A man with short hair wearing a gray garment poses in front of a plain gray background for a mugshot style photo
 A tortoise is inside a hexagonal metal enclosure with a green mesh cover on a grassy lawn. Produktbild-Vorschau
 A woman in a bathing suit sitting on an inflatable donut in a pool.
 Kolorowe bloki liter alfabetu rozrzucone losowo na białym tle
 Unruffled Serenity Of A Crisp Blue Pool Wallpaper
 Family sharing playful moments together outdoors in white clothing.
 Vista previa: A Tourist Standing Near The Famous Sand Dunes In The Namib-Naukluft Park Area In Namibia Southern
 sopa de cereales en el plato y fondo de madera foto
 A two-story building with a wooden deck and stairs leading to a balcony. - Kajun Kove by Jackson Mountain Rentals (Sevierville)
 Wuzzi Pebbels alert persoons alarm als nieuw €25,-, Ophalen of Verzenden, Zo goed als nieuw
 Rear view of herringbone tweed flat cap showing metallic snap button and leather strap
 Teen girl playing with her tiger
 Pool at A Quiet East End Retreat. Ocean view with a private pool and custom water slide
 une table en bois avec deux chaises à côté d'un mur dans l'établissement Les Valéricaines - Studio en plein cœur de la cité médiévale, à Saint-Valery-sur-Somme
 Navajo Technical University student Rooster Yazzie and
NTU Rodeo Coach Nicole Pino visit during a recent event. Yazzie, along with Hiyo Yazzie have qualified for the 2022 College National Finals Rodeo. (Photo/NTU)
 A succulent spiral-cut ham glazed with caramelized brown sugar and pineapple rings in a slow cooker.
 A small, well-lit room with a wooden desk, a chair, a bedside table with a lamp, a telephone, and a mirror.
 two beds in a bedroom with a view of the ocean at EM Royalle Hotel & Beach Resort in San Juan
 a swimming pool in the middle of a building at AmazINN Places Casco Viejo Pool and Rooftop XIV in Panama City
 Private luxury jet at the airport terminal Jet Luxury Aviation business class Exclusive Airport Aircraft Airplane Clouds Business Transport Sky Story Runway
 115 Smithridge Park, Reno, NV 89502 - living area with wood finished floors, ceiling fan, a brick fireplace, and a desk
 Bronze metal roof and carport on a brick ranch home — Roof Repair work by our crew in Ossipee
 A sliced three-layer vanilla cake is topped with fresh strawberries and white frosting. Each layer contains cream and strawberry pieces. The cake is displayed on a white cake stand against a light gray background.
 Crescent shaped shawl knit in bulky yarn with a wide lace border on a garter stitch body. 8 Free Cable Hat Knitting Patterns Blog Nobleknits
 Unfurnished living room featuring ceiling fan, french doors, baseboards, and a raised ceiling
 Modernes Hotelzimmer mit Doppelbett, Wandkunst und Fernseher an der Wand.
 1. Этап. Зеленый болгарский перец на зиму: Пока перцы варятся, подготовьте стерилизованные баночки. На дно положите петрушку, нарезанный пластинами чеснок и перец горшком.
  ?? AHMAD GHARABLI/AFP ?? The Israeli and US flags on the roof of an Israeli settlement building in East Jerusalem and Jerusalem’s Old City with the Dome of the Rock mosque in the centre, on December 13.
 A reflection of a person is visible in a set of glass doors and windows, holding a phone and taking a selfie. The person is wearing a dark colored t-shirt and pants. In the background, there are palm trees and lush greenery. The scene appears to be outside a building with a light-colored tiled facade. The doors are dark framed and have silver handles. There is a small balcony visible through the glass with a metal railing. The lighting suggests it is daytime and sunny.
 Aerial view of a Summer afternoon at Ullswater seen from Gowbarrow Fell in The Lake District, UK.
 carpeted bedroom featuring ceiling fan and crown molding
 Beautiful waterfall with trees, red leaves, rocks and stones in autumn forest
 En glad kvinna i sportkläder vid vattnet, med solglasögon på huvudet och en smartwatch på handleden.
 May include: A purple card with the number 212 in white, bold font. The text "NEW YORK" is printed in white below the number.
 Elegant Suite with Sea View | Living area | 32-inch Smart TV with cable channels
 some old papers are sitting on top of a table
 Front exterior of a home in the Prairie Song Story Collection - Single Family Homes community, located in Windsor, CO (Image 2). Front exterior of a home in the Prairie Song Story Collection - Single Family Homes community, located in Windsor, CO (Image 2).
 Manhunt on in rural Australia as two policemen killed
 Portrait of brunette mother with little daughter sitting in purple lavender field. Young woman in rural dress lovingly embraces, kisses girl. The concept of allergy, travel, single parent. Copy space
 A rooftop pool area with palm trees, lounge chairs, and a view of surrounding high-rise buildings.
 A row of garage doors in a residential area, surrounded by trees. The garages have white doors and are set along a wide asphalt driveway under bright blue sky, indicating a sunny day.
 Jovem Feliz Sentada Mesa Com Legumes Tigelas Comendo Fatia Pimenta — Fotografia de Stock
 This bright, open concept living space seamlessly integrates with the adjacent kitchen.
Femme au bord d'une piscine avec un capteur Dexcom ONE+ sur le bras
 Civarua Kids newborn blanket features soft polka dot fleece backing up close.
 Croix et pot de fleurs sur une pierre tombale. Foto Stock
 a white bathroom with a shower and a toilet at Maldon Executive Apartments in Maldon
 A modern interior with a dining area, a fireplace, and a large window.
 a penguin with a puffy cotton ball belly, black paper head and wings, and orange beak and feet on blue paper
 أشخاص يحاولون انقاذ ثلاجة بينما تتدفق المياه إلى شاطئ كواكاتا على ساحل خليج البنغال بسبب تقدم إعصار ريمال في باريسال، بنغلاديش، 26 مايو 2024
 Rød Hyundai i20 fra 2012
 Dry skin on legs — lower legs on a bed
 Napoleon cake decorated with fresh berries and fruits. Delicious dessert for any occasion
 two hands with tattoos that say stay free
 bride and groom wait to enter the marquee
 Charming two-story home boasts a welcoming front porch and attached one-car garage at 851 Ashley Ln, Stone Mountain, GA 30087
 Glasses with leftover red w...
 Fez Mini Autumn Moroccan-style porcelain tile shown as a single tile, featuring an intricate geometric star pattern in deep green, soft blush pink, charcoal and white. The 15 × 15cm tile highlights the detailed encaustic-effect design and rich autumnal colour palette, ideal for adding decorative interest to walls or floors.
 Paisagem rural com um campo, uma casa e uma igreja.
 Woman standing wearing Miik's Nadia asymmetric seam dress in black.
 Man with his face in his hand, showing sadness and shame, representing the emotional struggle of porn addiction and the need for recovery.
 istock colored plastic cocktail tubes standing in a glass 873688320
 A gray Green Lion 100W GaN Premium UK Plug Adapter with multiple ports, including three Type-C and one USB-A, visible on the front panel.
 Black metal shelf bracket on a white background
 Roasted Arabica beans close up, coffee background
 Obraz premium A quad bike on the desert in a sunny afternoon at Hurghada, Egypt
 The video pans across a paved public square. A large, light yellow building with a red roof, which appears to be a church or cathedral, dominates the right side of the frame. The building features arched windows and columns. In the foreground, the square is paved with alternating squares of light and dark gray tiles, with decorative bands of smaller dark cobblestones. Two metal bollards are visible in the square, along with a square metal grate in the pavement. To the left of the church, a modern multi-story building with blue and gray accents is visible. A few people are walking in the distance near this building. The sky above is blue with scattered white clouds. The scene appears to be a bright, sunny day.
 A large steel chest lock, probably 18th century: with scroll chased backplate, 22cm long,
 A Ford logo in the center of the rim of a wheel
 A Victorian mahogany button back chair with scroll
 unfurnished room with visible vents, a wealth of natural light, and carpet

EXERCISE OBJECTIVE:
Report only how many lines of the listing hold the word "soft".

SOLUTION:
2